Despite our 'modernity,' we continue to use the ancient Babylonian sexaguesimal (base 60) counting system to measure angles and time. Understanding this system is therefore important. It is even more important because it helps us better understand our modern decimal system of numbers.
In this video I demonstrate how to add using Babylonian (cuneiform) numerals. I then show how to add our modern measures of angles and time using the same system (on a white board).
You will also learn a little about John Wallis, a contemporary of Sir Isaac Newton, who generalised the symbols that we use to keep track of what each column represents (i.e. degrees, minutes and seconds)!
John Wallis was not the first, however. For many years, Arabic and Persian scholars had been making astronomical calculations using sexaguesimal notation. In order to understand how they did this we need to understand place value in our current decimal system. When we write our decimals numbers, we are really writing a list of fractions with a decimal point as a marker. Hence 6.438 means 6 + 4/10 + 3/100 + 8/1000.
In an almost identical way, Arabic and Persian scholars (such as al-Kashi, c.1380-1429) wrote their sexaguesimal fractions in columns. For them the number 3 6 14 43 29 would mean 3 + 6/60 + 14/3600 + 43/216000 + 29/12960000 (where 60×60 = 3600, 60×60×60 = 216000 and 60×60×60×60 = 12960000). It is astounding that the Babylonians coped so well with this system!

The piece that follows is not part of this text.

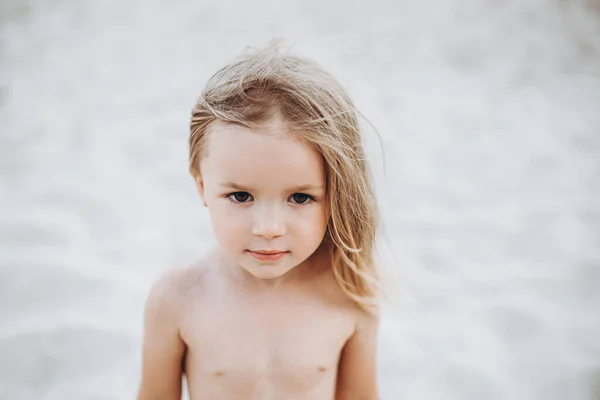 Retrato Una Niña Años Posando Para Una Foto Junto Mar —  Fotos de Stock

In order for them to keep track of which number was in which column, they used to be written in tables with labels written at the head of each column. By the time this system was being translated into Latin for Europeans to read, the sexaguesimal parts were labelled primae minutiae, secundae minutiae, tertiae minutiae, etc. and these Latin terms meant (quite literally), first little bits, second little bits, third little bits, etc. These subdivisions were denoted by writing Roman numerals as superscripts. I am not quite sure how it happened, but the second and third and fourth parts were called just that ... seconds, thirds and fourths. The primes, however, took their name from the other term in primae minutiae, and came to be known as minutes (from minutiae). Hence, now that we have dispensed with thirds and fourths, and so on, we now speak of sexaguesimal fractions in terms of minutes and seconds (rather than primes and seconds)! You will recognise that we still divide our hours (time) and degrees (angles) in this way.
John Wallis and other European scholars adopted this same notation (from the Arabic and Persian scholars). You can see an example here, from page 53 of Wallis' famous 1657 text, Mathesis Universalis:
You can see that he used the older Roman notation for the number four ... just four strokes (IIII) instead of IV. The same notation was used to the left to denote the degrees as well.